## Collected data
□ □ □ □

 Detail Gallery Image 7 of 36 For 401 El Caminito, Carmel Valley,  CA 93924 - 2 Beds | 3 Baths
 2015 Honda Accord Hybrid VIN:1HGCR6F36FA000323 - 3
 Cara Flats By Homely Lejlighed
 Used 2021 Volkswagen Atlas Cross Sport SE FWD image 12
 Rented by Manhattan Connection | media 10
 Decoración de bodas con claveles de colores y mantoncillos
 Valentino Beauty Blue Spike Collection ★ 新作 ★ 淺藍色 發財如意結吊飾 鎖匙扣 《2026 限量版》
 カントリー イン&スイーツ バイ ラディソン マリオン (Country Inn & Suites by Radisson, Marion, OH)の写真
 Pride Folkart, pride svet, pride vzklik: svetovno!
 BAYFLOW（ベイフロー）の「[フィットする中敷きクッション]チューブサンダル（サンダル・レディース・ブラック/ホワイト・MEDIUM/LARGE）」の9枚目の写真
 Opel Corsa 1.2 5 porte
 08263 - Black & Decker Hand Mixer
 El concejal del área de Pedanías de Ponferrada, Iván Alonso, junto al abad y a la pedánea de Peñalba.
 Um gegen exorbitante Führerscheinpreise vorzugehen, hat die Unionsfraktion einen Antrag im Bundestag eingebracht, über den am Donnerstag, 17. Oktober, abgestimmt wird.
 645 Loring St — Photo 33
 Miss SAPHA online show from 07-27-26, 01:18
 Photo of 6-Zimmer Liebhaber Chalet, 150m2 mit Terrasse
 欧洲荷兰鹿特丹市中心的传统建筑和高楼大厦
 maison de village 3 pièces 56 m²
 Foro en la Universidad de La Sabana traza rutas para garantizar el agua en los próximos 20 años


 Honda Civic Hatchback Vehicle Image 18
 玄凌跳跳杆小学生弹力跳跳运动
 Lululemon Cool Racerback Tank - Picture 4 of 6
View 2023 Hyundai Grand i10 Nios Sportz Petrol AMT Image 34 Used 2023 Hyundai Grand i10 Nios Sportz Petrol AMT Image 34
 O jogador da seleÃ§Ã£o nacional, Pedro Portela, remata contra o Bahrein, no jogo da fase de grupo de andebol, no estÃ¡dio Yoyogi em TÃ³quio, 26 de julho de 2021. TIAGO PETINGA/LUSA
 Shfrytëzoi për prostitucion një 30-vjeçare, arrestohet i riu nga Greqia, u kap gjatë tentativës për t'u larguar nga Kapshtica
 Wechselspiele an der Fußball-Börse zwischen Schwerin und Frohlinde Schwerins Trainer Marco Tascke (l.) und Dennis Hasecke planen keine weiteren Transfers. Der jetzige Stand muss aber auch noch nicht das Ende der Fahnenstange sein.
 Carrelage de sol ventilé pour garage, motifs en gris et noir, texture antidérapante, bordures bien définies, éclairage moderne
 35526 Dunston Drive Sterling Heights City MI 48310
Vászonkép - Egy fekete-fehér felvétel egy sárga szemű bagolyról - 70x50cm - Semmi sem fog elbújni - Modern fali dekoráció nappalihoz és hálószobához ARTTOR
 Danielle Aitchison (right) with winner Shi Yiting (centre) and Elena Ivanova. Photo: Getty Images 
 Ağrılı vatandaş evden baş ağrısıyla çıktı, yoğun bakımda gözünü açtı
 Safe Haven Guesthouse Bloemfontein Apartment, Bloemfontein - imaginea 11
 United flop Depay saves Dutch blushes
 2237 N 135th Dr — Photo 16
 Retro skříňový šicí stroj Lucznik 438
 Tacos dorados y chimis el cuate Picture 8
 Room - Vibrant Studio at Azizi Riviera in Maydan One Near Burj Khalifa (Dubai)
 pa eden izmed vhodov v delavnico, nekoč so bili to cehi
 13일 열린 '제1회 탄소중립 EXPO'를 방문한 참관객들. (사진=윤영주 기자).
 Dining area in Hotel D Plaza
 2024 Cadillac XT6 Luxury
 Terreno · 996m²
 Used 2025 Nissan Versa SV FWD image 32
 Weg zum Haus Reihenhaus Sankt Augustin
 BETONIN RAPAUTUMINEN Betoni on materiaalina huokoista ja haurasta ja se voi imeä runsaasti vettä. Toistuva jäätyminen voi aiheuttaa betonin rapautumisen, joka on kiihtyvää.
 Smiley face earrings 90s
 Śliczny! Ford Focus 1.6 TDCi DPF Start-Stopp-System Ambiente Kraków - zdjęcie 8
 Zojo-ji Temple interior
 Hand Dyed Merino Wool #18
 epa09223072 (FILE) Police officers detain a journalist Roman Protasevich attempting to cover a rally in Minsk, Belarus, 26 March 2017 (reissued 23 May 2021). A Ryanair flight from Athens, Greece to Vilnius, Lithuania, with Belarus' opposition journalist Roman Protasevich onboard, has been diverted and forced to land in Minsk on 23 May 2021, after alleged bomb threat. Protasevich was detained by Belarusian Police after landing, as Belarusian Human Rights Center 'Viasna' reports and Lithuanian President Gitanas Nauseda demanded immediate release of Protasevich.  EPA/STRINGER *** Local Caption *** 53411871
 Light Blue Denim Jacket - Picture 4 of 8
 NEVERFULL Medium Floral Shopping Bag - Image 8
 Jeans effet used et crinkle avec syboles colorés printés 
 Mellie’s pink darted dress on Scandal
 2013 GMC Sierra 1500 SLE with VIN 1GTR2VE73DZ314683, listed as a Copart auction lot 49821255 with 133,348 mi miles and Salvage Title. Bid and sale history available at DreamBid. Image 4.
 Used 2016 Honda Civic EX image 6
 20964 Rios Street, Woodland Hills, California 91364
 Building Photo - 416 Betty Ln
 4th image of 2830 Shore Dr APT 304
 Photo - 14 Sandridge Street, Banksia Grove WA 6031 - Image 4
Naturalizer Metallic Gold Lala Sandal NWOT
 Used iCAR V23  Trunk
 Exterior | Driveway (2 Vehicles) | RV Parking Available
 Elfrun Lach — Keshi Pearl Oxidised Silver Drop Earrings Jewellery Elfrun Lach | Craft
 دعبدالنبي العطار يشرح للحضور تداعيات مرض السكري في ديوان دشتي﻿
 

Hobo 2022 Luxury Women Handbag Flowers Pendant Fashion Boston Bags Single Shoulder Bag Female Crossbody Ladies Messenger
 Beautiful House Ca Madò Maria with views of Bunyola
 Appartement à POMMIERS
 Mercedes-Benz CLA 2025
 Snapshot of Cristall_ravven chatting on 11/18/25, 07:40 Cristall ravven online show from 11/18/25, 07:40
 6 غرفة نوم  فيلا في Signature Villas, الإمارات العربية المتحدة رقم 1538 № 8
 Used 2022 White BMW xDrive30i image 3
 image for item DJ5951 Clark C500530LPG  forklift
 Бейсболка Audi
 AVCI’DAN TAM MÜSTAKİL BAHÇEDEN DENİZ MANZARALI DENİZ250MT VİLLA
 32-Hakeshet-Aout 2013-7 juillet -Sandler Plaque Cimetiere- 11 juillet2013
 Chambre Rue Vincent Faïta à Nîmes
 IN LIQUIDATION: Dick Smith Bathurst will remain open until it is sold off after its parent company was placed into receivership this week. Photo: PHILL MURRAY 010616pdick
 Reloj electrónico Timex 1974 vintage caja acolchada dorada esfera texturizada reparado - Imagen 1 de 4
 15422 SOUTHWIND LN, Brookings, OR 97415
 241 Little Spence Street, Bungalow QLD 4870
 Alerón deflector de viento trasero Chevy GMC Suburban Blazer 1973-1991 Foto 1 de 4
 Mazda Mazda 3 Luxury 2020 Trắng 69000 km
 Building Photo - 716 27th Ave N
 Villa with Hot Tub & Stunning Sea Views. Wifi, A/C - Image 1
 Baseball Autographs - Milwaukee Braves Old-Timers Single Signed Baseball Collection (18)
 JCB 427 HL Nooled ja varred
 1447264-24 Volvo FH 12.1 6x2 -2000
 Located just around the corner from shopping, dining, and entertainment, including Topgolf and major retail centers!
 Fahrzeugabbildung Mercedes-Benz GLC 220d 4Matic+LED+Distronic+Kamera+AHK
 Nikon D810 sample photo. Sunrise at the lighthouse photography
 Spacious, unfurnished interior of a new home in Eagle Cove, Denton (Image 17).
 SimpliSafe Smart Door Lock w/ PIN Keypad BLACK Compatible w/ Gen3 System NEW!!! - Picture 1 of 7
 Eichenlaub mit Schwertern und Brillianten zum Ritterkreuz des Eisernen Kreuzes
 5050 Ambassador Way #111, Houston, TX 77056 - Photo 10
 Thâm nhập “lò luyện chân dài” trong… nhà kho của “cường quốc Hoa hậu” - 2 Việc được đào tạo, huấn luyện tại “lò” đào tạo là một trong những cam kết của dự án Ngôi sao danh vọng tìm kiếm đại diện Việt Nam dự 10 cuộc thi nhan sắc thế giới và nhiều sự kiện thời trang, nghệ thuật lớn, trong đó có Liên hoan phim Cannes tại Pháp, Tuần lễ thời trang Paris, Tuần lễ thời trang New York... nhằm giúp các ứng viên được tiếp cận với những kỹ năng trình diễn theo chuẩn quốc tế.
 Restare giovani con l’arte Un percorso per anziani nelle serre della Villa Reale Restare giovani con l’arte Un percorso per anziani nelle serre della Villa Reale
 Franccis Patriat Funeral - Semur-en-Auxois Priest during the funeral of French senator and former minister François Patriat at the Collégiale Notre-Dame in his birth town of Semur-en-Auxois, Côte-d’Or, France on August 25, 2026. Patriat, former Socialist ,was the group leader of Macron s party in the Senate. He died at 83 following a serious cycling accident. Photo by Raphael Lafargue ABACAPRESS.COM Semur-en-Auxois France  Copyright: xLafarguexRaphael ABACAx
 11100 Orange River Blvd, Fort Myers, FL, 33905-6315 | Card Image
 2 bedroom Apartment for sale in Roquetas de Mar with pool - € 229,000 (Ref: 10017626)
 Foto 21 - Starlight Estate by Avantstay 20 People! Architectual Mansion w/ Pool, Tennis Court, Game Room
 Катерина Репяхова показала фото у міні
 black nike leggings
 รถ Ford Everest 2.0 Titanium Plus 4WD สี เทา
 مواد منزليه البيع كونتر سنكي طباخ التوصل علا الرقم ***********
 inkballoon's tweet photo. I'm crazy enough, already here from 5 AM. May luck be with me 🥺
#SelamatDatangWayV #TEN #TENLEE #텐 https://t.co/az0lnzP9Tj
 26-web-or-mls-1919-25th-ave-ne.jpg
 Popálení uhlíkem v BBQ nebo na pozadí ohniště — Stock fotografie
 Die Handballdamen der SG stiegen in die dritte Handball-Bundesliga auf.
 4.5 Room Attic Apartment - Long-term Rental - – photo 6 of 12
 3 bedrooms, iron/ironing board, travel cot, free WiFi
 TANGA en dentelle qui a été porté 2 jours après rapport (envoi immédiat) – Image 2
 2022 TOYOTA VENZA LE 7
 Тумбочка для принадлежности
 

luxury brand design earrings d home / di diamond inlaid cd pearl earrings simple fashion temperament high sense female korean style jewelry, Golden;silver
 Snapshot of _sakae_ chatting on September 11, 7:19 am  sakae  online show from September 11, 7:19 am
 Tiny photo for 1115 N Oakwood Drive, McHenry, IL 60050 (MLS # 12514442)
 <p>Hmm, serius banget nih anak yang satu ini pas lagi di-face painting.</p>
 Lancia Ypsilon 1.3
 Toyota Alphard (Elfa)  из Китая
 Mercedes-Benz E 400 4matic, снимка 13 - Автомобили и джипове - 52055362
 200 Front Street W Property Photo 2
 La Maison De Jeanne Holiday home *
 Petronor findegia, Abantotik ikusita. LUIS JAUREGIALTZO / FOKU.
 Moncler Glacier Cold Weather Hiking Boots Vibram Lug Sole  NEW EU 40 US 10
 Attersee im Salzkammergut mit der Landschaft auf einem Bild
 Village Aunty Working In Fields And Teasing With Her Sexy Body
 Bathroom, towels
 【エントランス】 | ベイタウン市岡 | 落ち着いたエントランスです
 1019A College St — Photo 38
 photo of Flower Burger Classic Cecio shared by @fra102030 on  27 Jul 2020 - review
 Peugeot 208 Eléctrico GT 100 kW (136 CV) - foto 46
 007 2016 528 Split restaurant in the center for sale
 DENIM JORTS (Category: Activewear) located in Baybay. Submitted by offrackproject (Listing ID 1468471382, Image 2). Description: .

□ □ □ □

## Task prompt
From the records above, print exactly the lines that run from the line with "Elfrun Lach —" to the line with "Mercedes-Benz CLA 2025", inclusive.

## Answer section
 Elfrun Lach — Keshi Pearl Oxidised Silver Drop Earrings Jewellery Elfrun Lach | Craft
 دعبدالنبي العطار يشرح للحضور تداعيات مرض السكري في ديوان دشتي﻿
 

Hobo 2022 Luxury Women Handbag Flowers Pendant Fashion Boston Bags Single Shoulder Bag Female Crossbody Ladies Messenger
 Beautiful House Ca Madò Maria with views of Bunyola
 Appartement à POMMIERS
 Mercedes-Benz CLA 2025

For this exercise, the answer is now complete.